Bedbugs removed from local Walmart store
Store at Powers & Palmer Park affected
We're accustomed to bedbugs showing up in apartments and motels, but not in a popular shopping center.
A Walmart spokeswoman confirmed Wednesday that bedbugs were found in an employee lounge last weekend, at a store near the intersection of Powers and Palmer Park boulevards in Colorado Springs.
The blood-sucking pests, which have become more common nationally in recent years, were concentrated on a piece of furniture in the lounge, said spokeswoman Kayla Whaling.
Whaling said the store called an exterminator to treat infested areas around the lounge, and to check public areas in the store where the bedbugs were likely to spread. The concern was that the steady stream of around-the-clock customers would help the pests spread.
However, Whaling said follow-up tests showed no trace of bedbugs, and the pests apparently did not spread beyond the lounge.
James Whidden, owner of Mug-A-Bug Pest Control in Colorado Springs, said finding bedbugs in a retail establishment is unusual.
"They're mainly going to set up where they can get a blood meal," he said. "That's normally where you have people sitting or sleeping for long periods of time."
Whidden said the bedbugs probably were treated with pesticides instead of heat extermination because the store's large space makes extended heating above 110 degrees difficult.

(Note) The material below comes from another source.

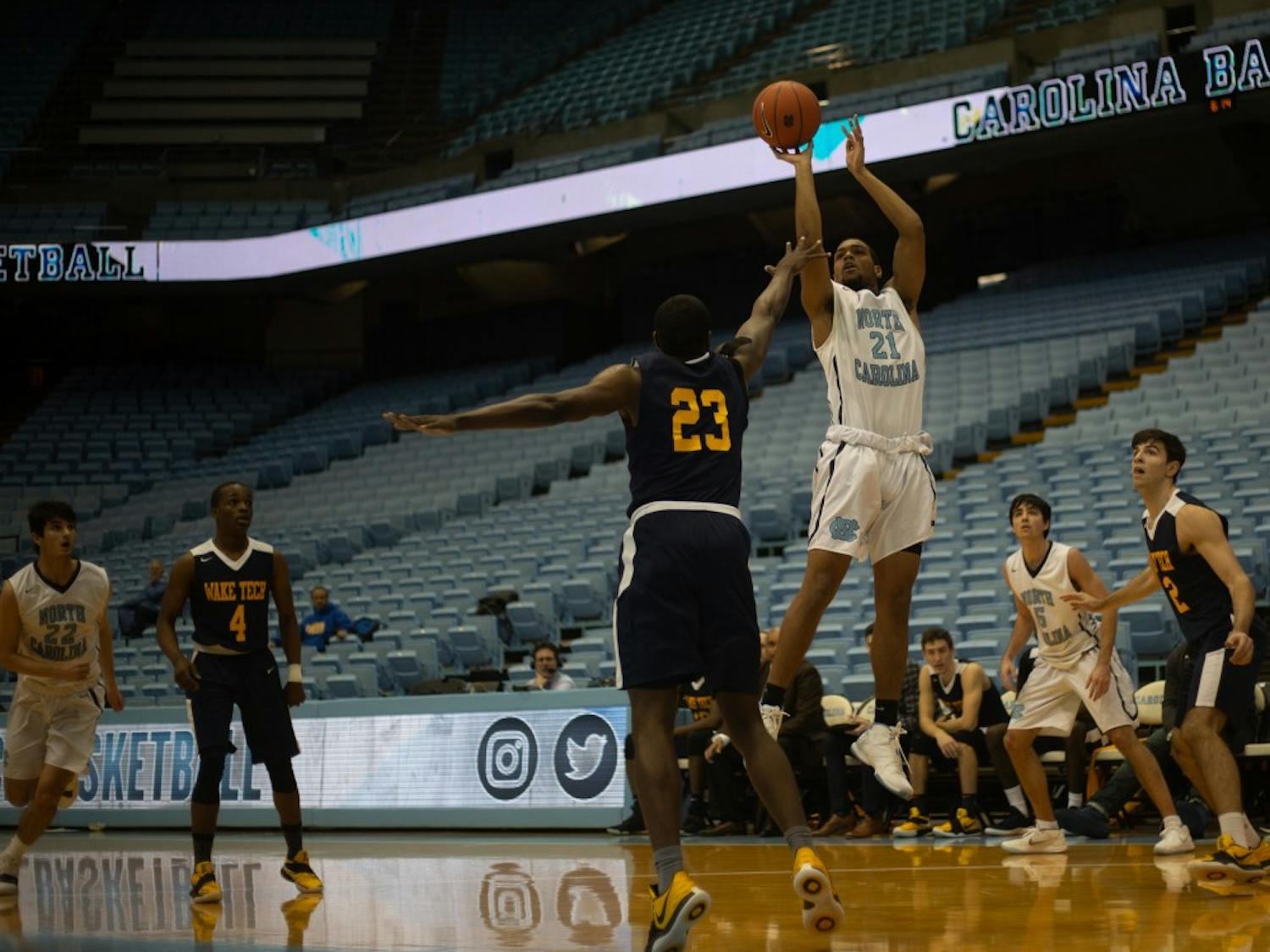 Michael Armstrong (23) attempts to block Nehemiah Stewart (21) from making a basket during a game against Wake Tech on January 15, 2019 at the Dean E. Smith Center. UNC JV won 80-64.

"I don't think you'd have a high concern from a consumer point, to where they're going to spread rapidly throughout the store, and just get into anything and everything.," he said. " I think a treatment on the employee area right away would suffice. To do a knee-jerk reaction and treat the entire store, I don't think that would probably be necessary."
Some customers expressed mixed emotions about the situation.
"I wouldn't go in the store," said Sandra Edmonds. "I would be pretty upset about it. Where did (bedbugs) come from? If they're going to be in the store, they came from somebody."
I've been a long-time customer over here," said Jesse Francisco. "I'd probably give them the benefit of the doubt to get cleaned up."
According to the National Pest Management Association, bedbugs travel on clothing, personal items and merchandise. They can be controlled by detection devices and visual inspection by pest control professionals. Changing rooms, employee lockers and lounges and rental departments are among the high-risk areas for the pests.